5 Ways to Boost Your Resilience at Work
What is Resilience?
Resilience is one of those words that seems to have seeped more and more into the language of the working world. You can even attend resilience training to help you be more resilient. And, particularly as a leader, resilience is an expectation in many organisations.
The American Psychological Association has described resilience as “the process and outcome of successfully adapting to difficult or challenging life experiences, especially through mental, emotional, and behavioural flexibility and adjustment to external and internal demands.”

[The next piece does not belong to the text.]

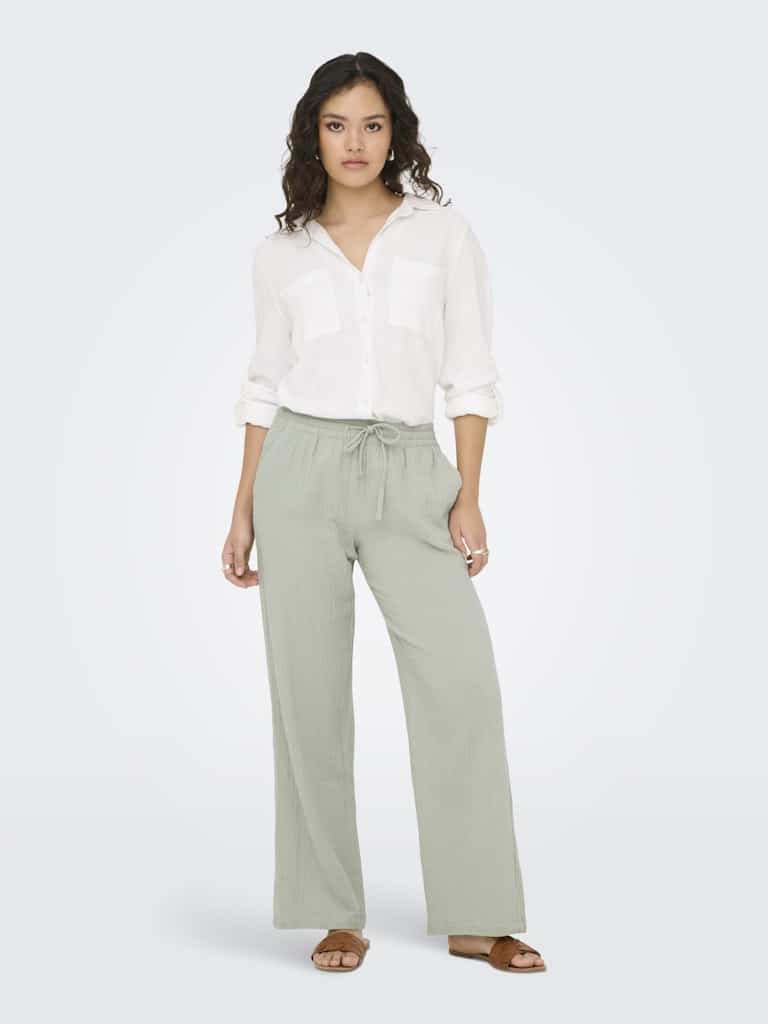 pantalon vert clair gaze de coton coupe large jdy femme ete 2026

In the past, resilience may have been described as ‘character’ or ‘fortitude’. Whatever word you use, it’s both a necessity and something that can be hard to embody. Everyone has their limit!
The Stress Bucket
Mental health practitioners use the analogy of the stress bucket.
Imagine a bucket.
Everything you experience – both consciously and subconsciously – adds or removes water to or from the bucket. Experiences either add stress or remove stress.
If the bucket is empty, or nearly empty, then plenty more water can be added. But, as it is, the bucket becomes fuller and more difficult to lift. Eventually the bucket is full and it only takes one more drop to make it overflow. This is the point where we experience burnout, depression, and other mental and potentially physical problems.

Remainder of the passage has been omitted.